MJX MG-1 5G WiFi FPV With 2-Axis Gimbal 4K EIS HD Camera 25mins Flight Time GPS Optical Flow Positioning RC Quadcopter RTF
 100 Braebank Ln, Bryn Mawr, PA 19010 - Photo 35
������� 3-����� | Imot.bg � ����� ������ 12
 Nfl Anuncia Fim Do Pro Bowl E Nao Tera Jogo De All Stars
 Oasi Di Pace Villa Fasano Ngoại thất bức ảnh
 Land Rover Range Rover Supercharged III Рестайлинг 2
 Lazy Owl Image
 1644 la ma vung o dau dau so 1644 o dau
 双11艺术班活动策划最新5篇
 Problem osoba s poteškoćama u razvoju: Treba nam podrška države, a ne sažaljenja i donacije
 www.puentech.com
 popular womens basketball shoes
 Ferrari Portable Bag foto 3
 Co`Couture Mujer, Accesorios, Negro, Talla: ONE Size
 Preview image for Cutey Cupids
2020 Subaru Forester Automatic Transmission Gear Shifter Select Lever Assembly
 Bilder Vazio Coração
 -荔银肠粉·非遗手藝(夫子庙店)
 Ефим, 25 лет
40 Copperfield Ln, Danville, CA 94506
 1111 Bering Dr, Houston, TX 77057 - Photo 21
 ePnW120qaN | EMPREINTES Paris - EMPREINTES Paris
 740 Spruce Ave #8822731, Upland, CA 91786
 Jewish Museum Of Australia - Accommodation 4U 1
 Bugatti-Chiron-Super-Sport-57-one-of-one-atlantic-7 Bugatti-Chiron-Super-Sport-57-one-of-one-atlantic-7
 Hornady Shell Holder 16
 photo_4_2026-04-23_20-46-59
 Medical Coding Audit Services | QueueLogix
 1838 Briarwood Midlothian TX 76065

» **Assigned task**
Reproduce, exactly, all the lines shown above.

» **Written solution**
MJX MG-1 5G WiFi FPV With 2-Axis Gimbal 4K EIS HD Camera 25mins Flight Time GPS Optical Flow Positioning RC Quadcopter RTF
 100 Braebank Ln, Bryn Mawr, PA 19010 - Photo 35
������� 3-����� | Imot.bg � ����� ������ 12
 Nfl Anuncia Fim Do Pro Bowl E Nao Tera Jogo De All Stars
 Oasi Di Pace Villa Fasano Ngoại thất bức ảnh
 Land Rover Range Rover Supercharged III Рестайлинг 2
 Lazy Owl Image
 1644 la ma vung o dau dau so 1644 o dau
 双11艺术班活动策划最新5篇
 Problem osoba s poteškoćama u razvoju: Treba nam podrška države, a ne sažaljenja i donacije
 www.puentech.com
 popular womens basketball shoes
 Ferrari Portable Bag foto 3
 Co`Couture Mujer, Accesorios, Negro, Talla: ONE Size
 Preview image for Cutey Cupids
2020 Subaru Forester Automatic Transmission Gear Shifter Select Lever Assembly
 Bilder Vazio Coração
 -荔银肠粉·非遗手藝(夫子庙店)
 Ефим, 25 лет
40 Copperfield Ln, Danville, CA 94506
 1111 Bering Dr, Houston, TX 77057 - Photo 21
 ePnW120qaN | EMPREINTES Paris - EMPREINTES Paris
 740 Spruce Ave #8822731, Upland, CA 91786
 Jewish Museum Of Australia - Accommodation 4U 1
 Bugatti-Chiron-Super-Sport-57-one-of-one-atlantic-7 Bugatti-Chiron-Super-Sport-57-one-of-one-atlantic-7
 Hornady Shell Holder 16
 photo_4_2026-04-23_20-46-59
 Medical Coding Audit Services | QueueLogix
 1838 Briarwood Midlothian TX 76065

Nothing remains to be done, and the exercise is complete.